In 1488, however, Francis II, Duke of Brittany, died in a riding accident, leaving his 11-year-old daughter Anne as his heir. Anne, who feared for the independence of her duchy against the ambitions of France, arranged a marriage in 1490 between herself and the widower Maximilian. The regent Anne of France and her husband Peter refused to countenance such a marriage, however, since it would place Maximilian and his family, the Habsburgs, on two French borders. The French army invaded Brittany, taking advantage of the preoccupation of Maximilian and his father, Emperor Frederick III, with the disputed succession to Mathias Corvinus, King of Hungary.[5] Anne of Brittany was forced to renounce Maximilian (whom she had only married by proxy) and agree to be married to Charles VIII instead.[6]

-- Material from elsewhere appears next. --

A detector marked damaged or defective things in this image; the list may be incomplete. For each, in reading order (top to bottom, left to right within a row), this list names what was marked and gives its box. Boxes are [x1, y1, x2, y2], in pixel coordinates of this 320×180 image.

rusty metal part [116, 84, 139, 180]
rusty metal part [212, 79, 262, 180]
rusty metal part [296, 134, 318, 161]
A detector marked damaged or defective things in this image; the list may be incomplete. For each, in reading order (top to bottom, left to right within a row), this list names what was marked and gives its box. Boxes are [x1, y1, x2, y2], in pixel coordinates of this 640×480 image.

Marriage to Anne of Brittany at the Château de Langeais.

In December 1491, in an elaborate ceremony at the Château de Langeais, Charles and Anne of Brittany were married. The 14-year-old Duchess Anne, not happy with the arranged marriage, arrived for her wedding with her entourage carrying two beds. However, Charles's marriage brought him independence from his relatives and thereafter he managed affairs according to his own inclinations. Queen Anne lived at the Clos Lucé in Amboise.

There still remained the matter of Charles' first betrothed, the young Margaret of Austria. Although the cancellation of her betrothal meant that she by rights should have been returned to her family, Charles did not initially do so, intending to marry her usefully elsewhere in France. Eventually, in 1493, she was returned to her family, together with her dowry – though the Duchy of Burgundy was retained in the Treaty of Senlis.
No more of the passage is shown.